_Material supplied:_
::::

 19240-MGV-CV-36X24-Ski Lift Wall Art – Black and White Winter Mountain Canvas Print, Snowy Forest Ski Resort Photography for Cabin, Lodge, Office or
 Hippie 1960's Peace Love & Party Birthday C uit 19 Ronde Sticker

::::

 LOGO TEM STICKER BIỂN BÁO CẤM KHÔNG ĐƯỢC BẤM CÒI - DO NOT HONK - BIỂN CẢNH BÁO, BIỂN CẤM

::::

_The task:_
Look above for the line holding "19240-MGV-CV-36X24-Ski Lift Wall" and the line holding "Hippie 1960's Peace", then output exactly those two lines and every line between them, nothing more.

_Reply:_
 19240-MGV-CV-36X24-Ski Lift Wall Art – Black and White Winter Mountain Canvas Print, Snowy Forest Ski Resort Photography for Cabin, Lodge, Office or
 Hippie 1960's Peace Love & Party Birthday C uit 19 Ronde Sticker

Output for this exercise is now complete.